On Wed, 26 Oct 2022 16:47:18 -0400
Gregory Price <gregory.pr...@memverge.com> wrote:

> On Wed, Oct 26, 2022 at 08:13:24PM +0000, Adam Manzanares wrote:
> > On Tue, Oct 25, 2022 at 08:47:33PM -0400, Gregory Price wrote:  
> > > Submitted as an extention to the multi-feature branch maintained
> > > by Jonathan Cameron at:
> > > https://urldefense.com/v3/__https://gitlab.com/jic23/qemu/-/tree/cxl-2022-10-24__;!!EwVzqGoTKBqv-0DWAJBm!RyiGL5B1XmQnVFwgxikKJeosPMKtoO1cTr61gIq8fwqfju8l4cbGZGwAEkKXIJB-Dbkfi_LNN2rGCbzMISz65cTxpAxI9pQ$
> > >    
> > > 
> > > 
> > > Summary of Changes:
> > > 1) E820 CFMW Bug fix.  
> > > 2) Add CXL_CAPACITY_MULTIPLIER definition to replace magic numbers
> > > 3) Multi-Region and Volatile Memory support for CXL Type-3 Devices
> > > 4) CXL Type-3 SRAT Generation when NUMA node is attached to memdev

+CC Dan for a question on status of Generic Ports ACPI code first ECN.
Given that was done on the mailing list I can find any public tracking
of whether it was accepted or not - hence whether we can get on with
implementation.  There hasn't been a release ACPI spec since before
that was proposed so we need that confirmation of the code first proposal
being accepted to get things moving.

> > > 
> > > 
> > > Regarding the E820 fix
> > >   * This bugfix is required for memory regions to work on x86
> > >   * input from Dan Williams and others suggest that E820 entry for
> > >     the CFMW should not exist, as it is expected to be dynamically
> > >     assigned at runtime.  If this entry exists, it instead blocks
> > >     region creation by nature of the memory region being marked as
> > >     reserved.  
> > 
> > For CXL 2.0 it is my understanding that volatile capacity present at boot 
> > will
> > be advertised by the firmware.
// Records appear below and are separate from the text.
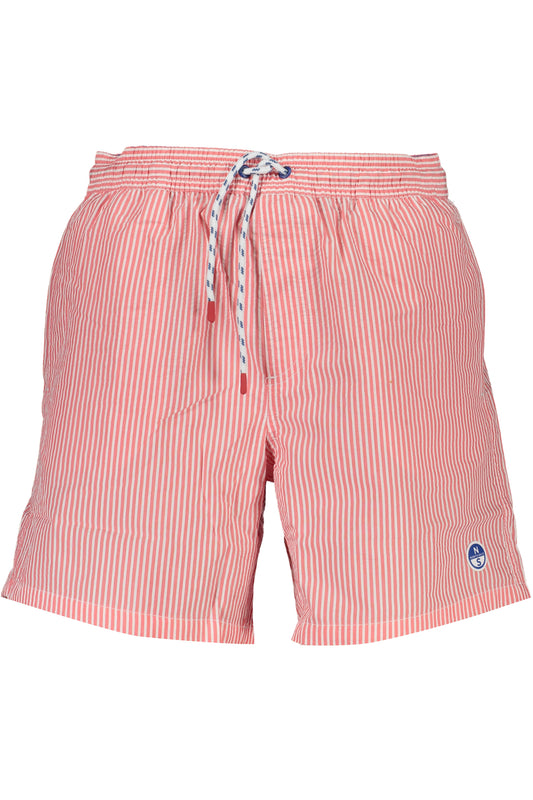 COSTUME SOUS-CHEMISE HOMME ROSE NORTH SAILS - NORTH SAILS
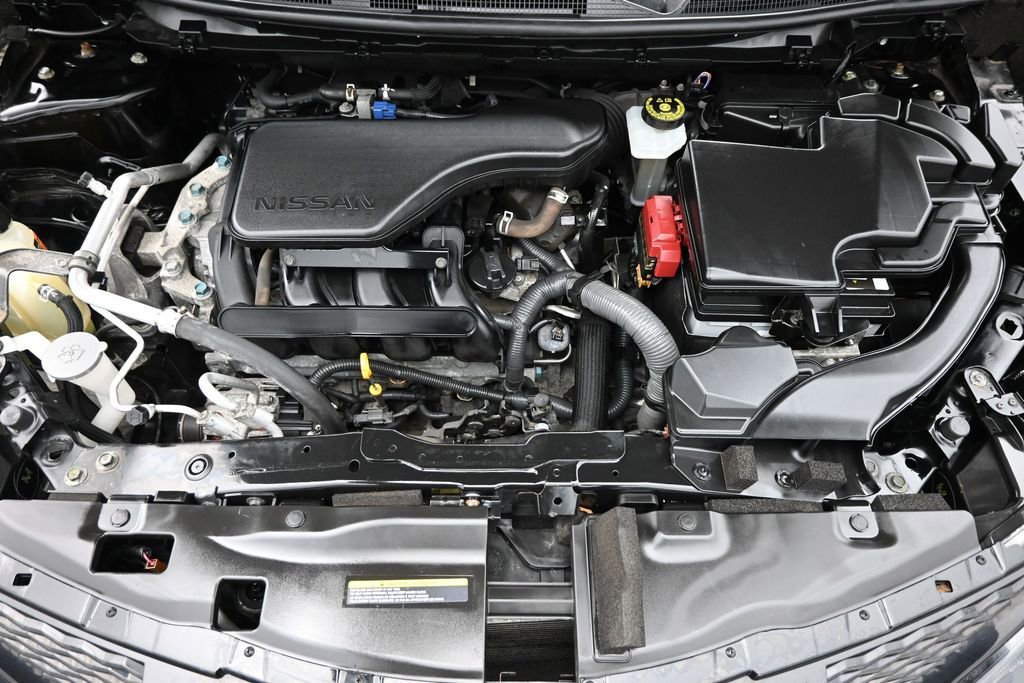 Used 2019 Nissan Rogue Sport SV w/ All-Weather Package AWD/4WD image 14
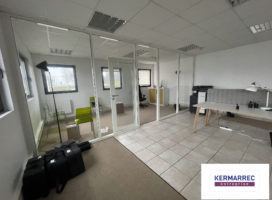 location Bureaux 55.00 m² Theix-Noyalo 56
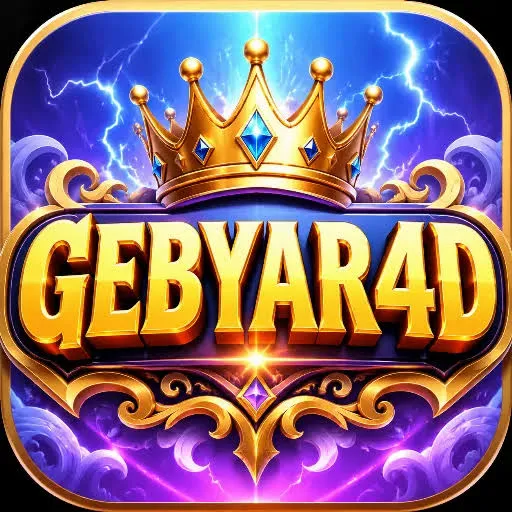 gebyar4d APK Resmi — ikon aplikasi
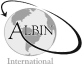 Albin International Logo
In the absence of EFI I would assume this 
> > would
> > be provided in the e820 map.   

Whilst this is one option, it is certainly not the case that all CXL 2.0
platforms will decide to do any setup of CXL memory (volatile or not) in the
firmware.  They can leave it entirely to the OS, so a cold plug flow.
Early platforms will do the setup in BIOS to support unware OSes, once
that's not a problem any more the only reason you'd want to do this is if
you don't have other RAM to boot the system, or for some reason you want
your host kernel etc in the CXL attached memory.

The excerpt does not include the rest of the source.